Feeds are created in Ruby, which allows for expressive filtering:

# app/feeds/tech_feed.rb

class TechFeed < Omnom::Feed
  sources do
    feed(url: 'http://daringfireball.net/index.xml')
    hacker_news(filter: Proc.new { |post| post.comments_count > 10 })
    slashdot
    techcrunch
  end
end

Many sources are already available (including feed, which reads Atom, RSS, etc), but you can also quickly create new ones. See Sources and Creating Sources for details.

Installation

Set up the example app:

git clone https://github.com/tombenner/omnom-app
cd omnom-app
cp config/database.example.yml config/database.yml # And edit
cp config/omnom.local.example.yml config/omnom.local.yml # And change the secret_token
rake db:setup

Then simply edit your feeds in app/feeds! (See Feeds)

Deploying to Heroku

If you've set settings in omnom.local.yml, the following command will print the heroku config command to set them on Heroku:

rake omnom:heroku:config

If you have a very large number of feeds and sources, you may want to increase the pool size from Heroku's default of 5 to 20:

heroku config -s | awk '/^DATABASE_URL=/{print $0 "?pool=20"}' | xargs heroku config:add

Usage

The default email/password login is [email protected]/password, but this can be changed:

User.first.update_attributes(email: '[email protected]', password: 'mypassword', password_confirmation: 'mypassword')
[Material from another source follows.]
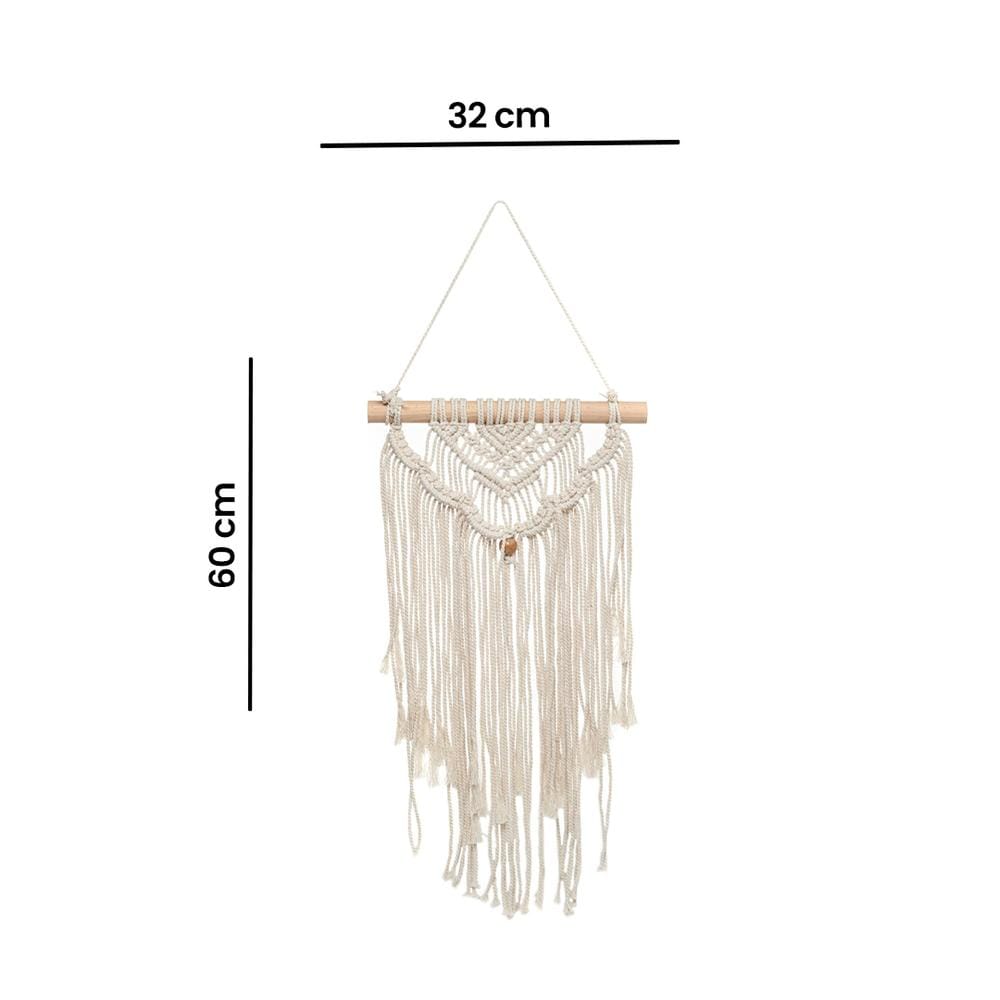  Q-Art Makrome Handmade Duvar Süsü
Click the "check" button to mark all of the posts on the current page as being "read" and refresh the page with new, unread posts, if any exist.

Feeds

To add a feed, define a class in app/feeds like the one below:

# app/feeds/my_startup_feed.rb
class MyStartupFeed < Omnom::Feed
  sources do
    feed(url: 'http://daringfireball.net/index.xml')
    hacker_news(filter: Proc.new { |post| post.comments_count > 10 })
    slashdot
    techcrunch
    twitter__search(term: 'MyStartup')
  end

  # Optionally, add a filter:
  filter do |post|
    post.title.include?('MyStartup') || post.description.include?('MyStartup')
  end
end

See Sources for a list of available sources. Some sources (mostly just the authenticated ones, like Facebook) require configuration in omnom.local.yml.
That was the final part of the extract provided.